City Council approves crackdown on ride-hailing impersonators

Downtown Ald. Brendan Reilly (42nd) wants to add vehicle impoundment to the penalties for impersonating a ride-hailing driver.

SHARE City Council approves crackdown on ride-hailing impersonators
Uber and Lyft are two ride-hailing companies that operate in Chicago.

The City Council approved a minimum $10,000 fine and up to 180 days in jail against anyone posing as a driver for Uber, Lyft or Via. The maximum fine would be $20,000 for each offense.

AP file

Spurred by a rash of recent attacks on intoxicated passengers, the City Council agreed Wednesday to crack down on those who impersonate ride-hailing drivers as its sponsor moved to make those penalties even tougher.

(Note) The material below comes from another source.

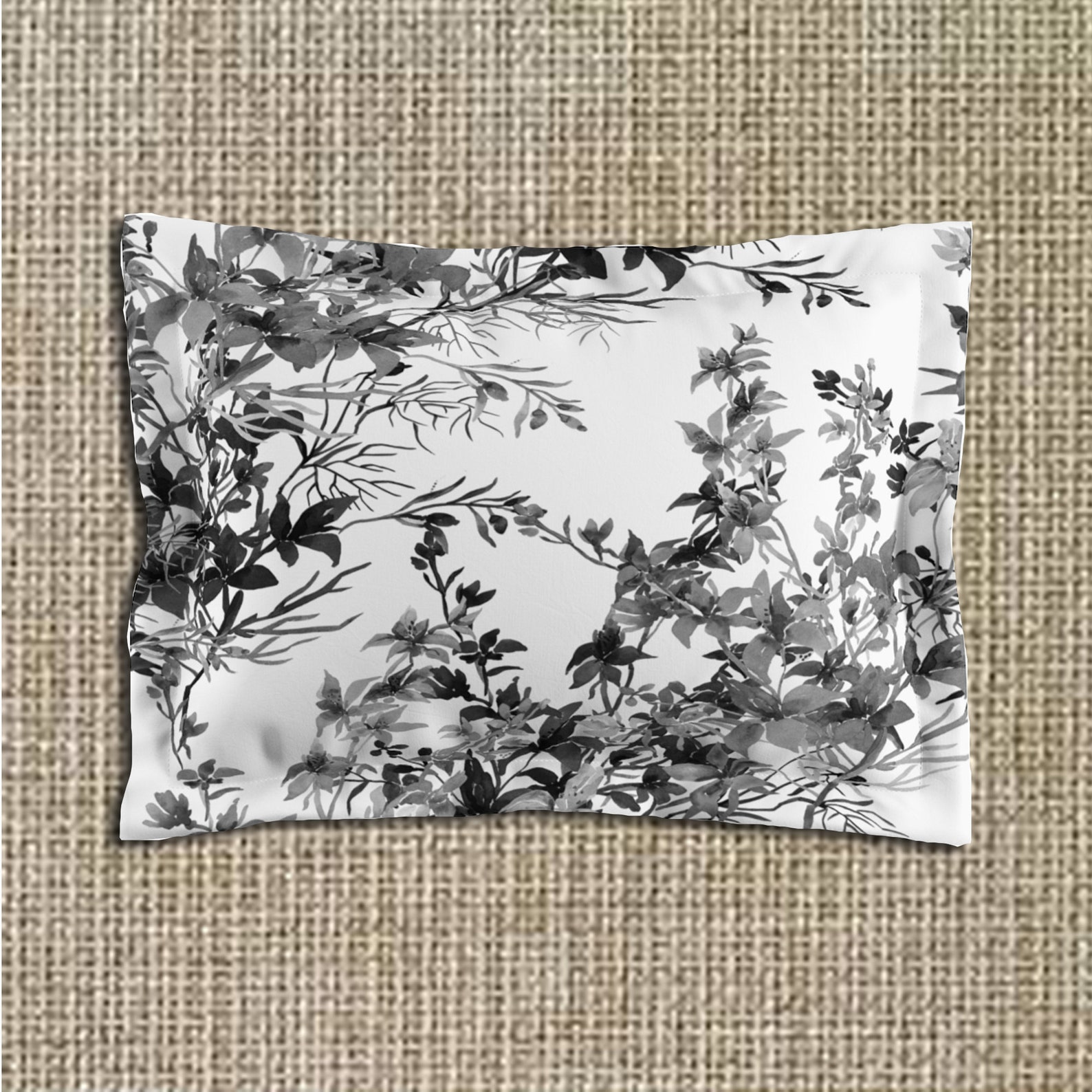 Comforter Set Queen King Twin Size White With Black Floral Etsy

Downtown Ald. Brendan Reilly (42nd) wants to strengthen his just-approved ordinance by empowering police to impound the vehicles used by ride-hailing impersonators.

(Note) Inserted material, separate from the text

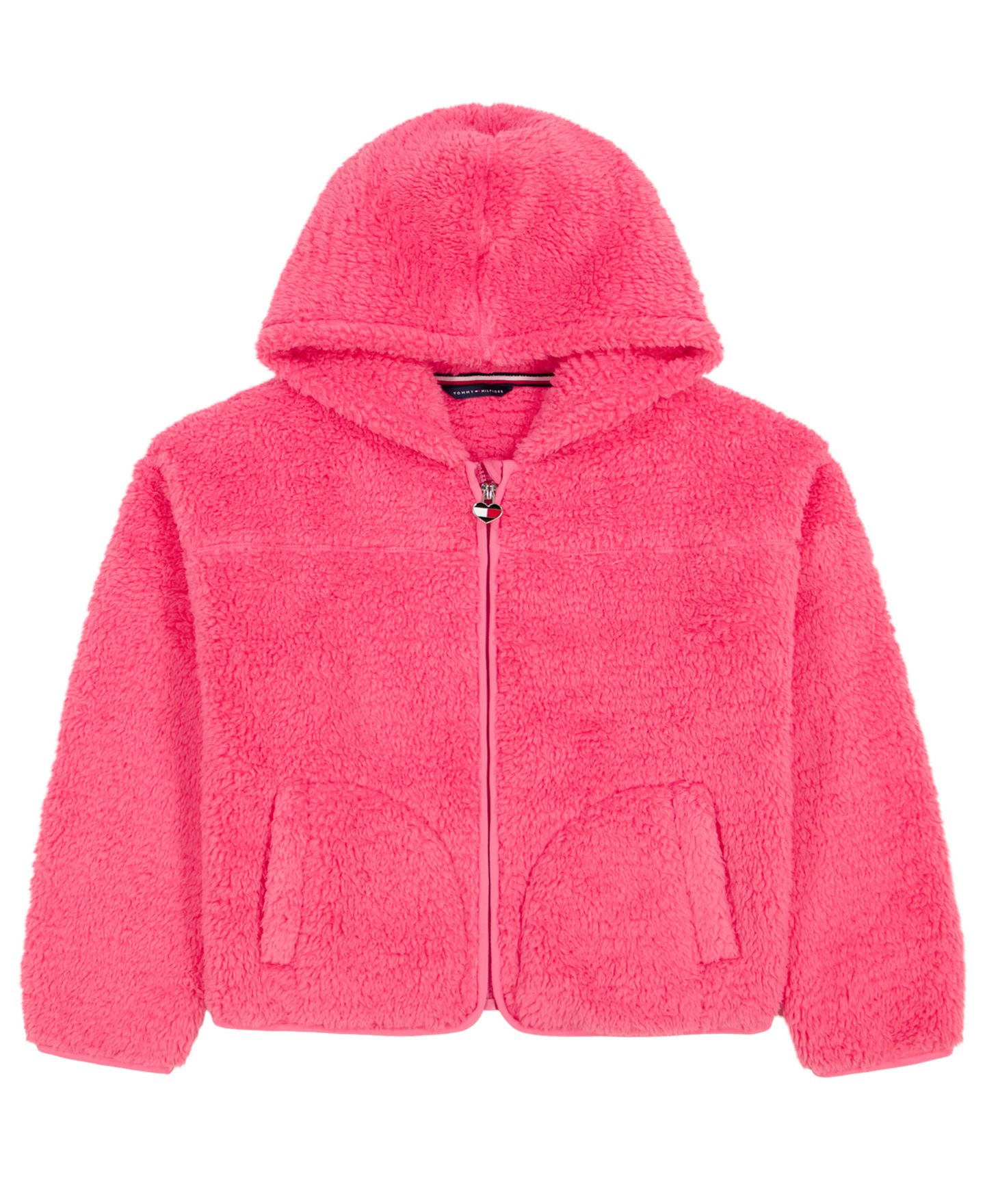 Худи Tommy Hilfiger Minky Faux Fur Hooded Drop-Shoulder для девочек, цвет: Розовый — фото 1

“That was a request the police department made during our committee hearing...The one component they wanted to see added was the option of impounding vehicles. I thought that sounded like a good idea. So we’re adding it with this trailer ordinance,” Reilly said.

Even without vehicle impoundment, the ordinance approved Wednesday is pretty tough. It imposes a minimum, $10,000 fine and up to 180 days in jail against anyone posing as a driver for Uber, Lyft or Via. The maximum fine would be $20,000 for each offense.

To underscore the seriousness of the problem, Reilly pointed to an incident that occurred during NBA All-Star weekend.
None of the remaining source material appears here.